It begins with $H^n$ as always. The $A$ and $B$ gates here are rotations parametrised by the result of $\phi_S(x)$ (they are not $Y$ and $Z$ gates, but variants: $B = e^{i\phi_{\{i\}}(x)Y_i}$ and $A = e^{i\phi_{\{i\}}(x)Z_i}$, where $Y_i$ and $Z_i$ are the $Y$ and $Z$ gates applied on the qubit $i$). For the first columns of rotations (represented here by the first $A$ column and $B$ column), they will use the same values, respectively for each qubit $i$, $\phi_{\{i\}}(x)=x_i$, and then the entangled $ZZ$ gate uses $\phi_{\{0,1\}}(x)$ (the $A'=e^{i\phi_{\{i,j\}}(x)Z_j}$ gate between the two controlled $X$).

To compare, `paulis = ['Z', 'ZZ']` creates the same circuit without the $B$ gates. And `paulis = ['Z', 'YY']` makes a circuit with the same start ($H$ and $A$ gates on every qubits) and pursue with an entangled $YY$ gate.

One should note that `PauliExpansion` allows third order or more expansions. For one example of third order expansion, one should try `paulis = ['Z', 'ZZ', 'ZZZ']`. If the data has enough features and the computer has enough qubits, it generates a feature map according to the previously mentioned rule, with $|S|\leq 3$.

With `PauliExpansion` class, any member of the feature map family $\prod_d U_{\Phi(x)}H^n,\ U_{\Phi(x)}=\exp(i\sum_{S\subseteq[1,n]}\phi_S(x)\prod_{k\in S} P_k) $ can be generated, using the depth $d$, the non-linear map function $\phi_S(x)$, the expansion order $r,\ |S|\leq r$ and gate set $P_i, i\leq n$ we want.

For example, we want to classify three-dimensional data, using a third order expansion, a custom data map, a depth of 2, and a $Y$ gate for non-interactive encoding of the data, in addition to the $Z$ gates.

In [None]:
feature_dim = 3
X, Y = data(feature_dim)

In [None]:
# The depth here has nothing to do with the depth of the feature map.
# It's (more or less) the number of time the variational circuit will be repeated 
var_form = RYRZ(num_qubits=feature_dim, depth=3)

In [None]:
def custom_map(x):
    """An other random, probably inefficient custom map"""
    if len(x) == 1:
        return x[0] 
    coeff = 1
    for xi in x:
        coeff *= 0.8*(2*np.pi-xi)
    return coeff

In [None]:
feature_map = PauliExpansion(num_qubits=feature_dim,
                             depth=2,
                             paulis = ['Y', 'Z', 'ZZ', 'ZZZ'],
                             data_map_func = custom_map)
svm = QSVMVariational(optimizer, feature_map, var_form, X, Y)
result = svm.run(quantum_instance)
print("testing success ratio: ", result['testing_accuracy'])
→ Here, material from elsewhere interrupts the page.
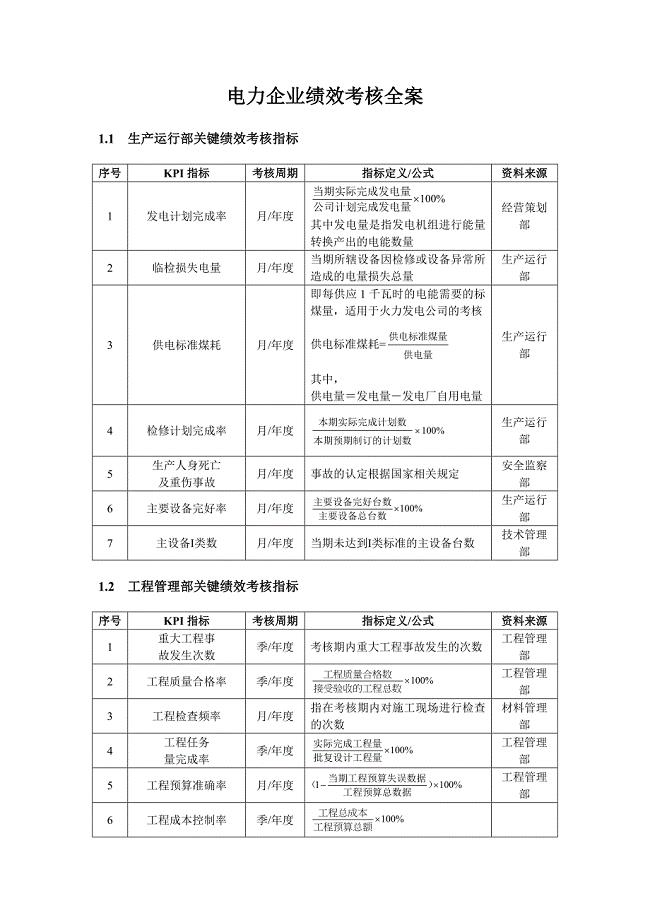 电力企业KPI绩效量化考核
Because the connectivity is `'full'` by default, it will add a (parametrised by $\phi_{\{i\}}(x)$) $B$ gate on each qubit, then a (parametrised by $\phi_{\{i\}}(x)$) $A$ gate, then three $ZZ$ gates (one for each pair $(0,1),\ (1,2),\ (0,2)$), and a final $ZZZ$ gate $e^{i\phi_{\{0,1,2 \}}(x)Z_0Z_1Z_2} $. It can have really poor results on this set again because it's like using a sledgehammer to crack a nut, it works too well. But it could be beneficial in harder classification cases.

#### Conclusion

We can generate all members of the feature map family presented in the article in Aqua, using the `PauliExpansion` class. But it should always be accompanied by a good model selection method to avoid any issues by using too complex models.